Schizophrenia and Oxidative Stress: Glutamate Cysteine Ligase Modifier as a Susceptibility Gene

Abstract

Oxidative stress could be involved in the pathophysiology of schizophrenia, a major psychiatric disorder. Glutathione (GSH), a redox regulator, is decreased in patients’ cerebrospinal fluid and prefrontal cortex. The gene of the key GSH-synthesizing enzyme, glutamate cysteine ligase modifier (GCLM) subunit, is strongly associated with schizophrenia in two case-control studies and in one family study. GCLM gene expression is decreased in patients’ fibroblasts. Thus, GSH metabolism dysfunction is proposed as one of the vulnerability factors for schizophrenia.

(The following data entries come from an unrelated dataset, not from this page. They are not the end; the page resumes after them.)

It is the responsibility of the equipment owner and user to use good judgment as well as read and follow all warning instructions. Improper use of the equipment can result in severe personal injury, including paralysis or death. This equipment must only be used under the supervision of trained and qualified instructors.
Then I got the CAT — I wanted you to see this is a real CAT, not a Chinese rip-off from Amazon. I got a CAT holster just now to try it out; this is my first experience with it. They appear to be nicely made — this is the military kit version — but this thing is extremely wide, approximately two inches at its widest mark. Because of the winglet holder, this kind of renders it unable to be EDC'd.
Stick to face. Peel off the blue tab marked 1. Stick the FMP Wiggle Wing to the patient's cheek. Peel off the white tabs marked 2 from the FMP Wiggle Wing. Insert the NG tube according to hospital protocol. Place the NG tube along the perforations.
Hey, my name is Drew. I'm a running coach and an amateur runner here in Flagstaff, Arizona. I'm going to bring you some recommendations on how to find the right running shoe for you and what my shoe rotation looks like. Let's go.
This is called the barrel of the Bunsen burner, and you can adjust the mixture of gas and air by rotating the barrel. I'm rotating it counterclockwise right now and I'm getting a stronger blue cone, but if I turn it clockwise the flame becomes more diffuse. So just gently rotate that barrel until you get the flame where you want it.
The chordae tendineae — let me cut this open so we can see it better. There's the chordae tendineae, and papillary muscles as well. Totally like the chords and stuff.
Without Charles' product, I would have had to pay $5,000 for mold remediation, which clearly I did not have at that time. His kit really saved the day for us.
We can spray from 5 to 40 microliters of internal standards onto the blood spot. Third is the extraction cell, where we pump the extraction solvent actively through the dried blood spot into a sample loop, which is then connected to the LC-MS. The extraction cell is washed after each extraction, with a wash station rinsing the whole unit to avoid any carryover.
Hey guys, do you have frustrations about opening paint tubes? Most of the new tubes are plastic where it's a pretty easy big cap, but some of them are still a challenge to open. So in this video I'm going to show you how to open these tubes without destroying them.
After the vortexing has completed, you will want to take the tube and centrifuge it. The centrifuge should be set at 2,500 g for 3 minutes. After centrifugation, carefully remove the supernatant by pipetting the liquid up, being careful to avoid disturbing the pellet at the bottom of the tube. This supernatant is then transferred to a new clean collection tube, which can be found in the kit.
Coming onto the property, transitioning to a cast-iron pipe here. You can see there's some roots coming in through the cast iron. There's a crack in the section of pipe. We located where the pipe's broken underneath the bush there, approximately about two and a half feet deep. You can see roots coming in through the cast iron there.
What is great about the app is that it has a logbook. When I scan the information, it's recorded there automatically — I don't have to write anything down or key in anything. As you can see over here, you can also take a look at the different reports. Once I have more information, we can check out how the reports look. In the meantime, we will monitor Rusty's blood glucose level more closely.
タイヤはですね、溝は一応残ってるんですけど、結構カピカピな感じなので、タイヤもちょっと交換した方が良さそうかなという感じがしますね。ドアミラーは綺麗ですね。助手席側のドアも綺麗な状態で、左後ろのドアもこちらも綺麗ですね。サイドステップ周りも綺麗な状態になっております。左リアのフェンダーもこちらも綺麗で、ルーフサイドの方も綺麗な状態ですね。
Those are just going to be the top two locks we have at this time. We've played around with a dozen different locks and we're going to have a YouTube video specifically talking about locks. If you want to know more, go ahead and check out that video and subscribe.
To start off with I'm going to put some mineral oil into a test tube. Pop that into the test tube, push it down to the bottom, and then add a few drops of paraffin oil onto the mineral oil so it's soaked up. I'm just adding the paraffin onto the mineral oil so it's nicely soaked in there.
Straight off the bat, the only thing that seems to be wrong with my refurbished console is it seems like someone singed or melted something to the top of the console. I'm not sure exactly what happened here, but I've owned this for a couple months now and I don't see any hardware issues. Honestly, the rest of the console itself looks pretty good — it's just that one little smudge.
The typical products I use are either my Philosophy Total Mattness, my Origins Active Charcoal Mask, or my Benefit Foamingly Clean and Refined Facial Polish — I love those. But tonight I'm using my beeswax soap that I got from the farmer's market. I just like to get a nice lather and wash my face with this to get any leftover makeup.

Schizophrenia (MIM 181500) is a major and frequent chronic psychiatric disorder with a strong genetic component.^1,2 Converging evidence points to the involvement of oxidative stress^3–7 and N-methyl d-aspartate (NMDA)–receptor hypofunction^8,9 in the pathophysiology of the disease. As a main cellular nonprotein antioxidant and redox regulator,¹⁰ glutathione (GSH) plays a major role in protecting nervous tissue against reactive oxygen species¹¹ and in modulating redox-sensitive sites, including NMDA receptors (NMDA-R).^12,13 It was shown elsewhere that the GSH levels were decreased in patients’ cerebrospinal fluid (−27%), in medial prefrontal cortex in vivo (−52%),^14,15 and in striatum postmortem tissue.¹⁶ GSH-deficient models reveal morphological, electrophysiological, and behavioral anomalies similar to those observed in patients.^17–21 Here, we present strong evidence for an association between schizophrenia and the gene of the key GSH-synthesizing enzyme, glutamate cysteine ligase modifier (GCLM) subunit. The functional role of the GCLM gene variance in schizophrenia is supported by its low expression in patients’ fibroblasts and by the decreased stimulation of the enzyme activity when challenged by an oxidative stress.²² These findings are consistent with the concept that an abnormal GSH metabolism is a risk factor for schizophrenia.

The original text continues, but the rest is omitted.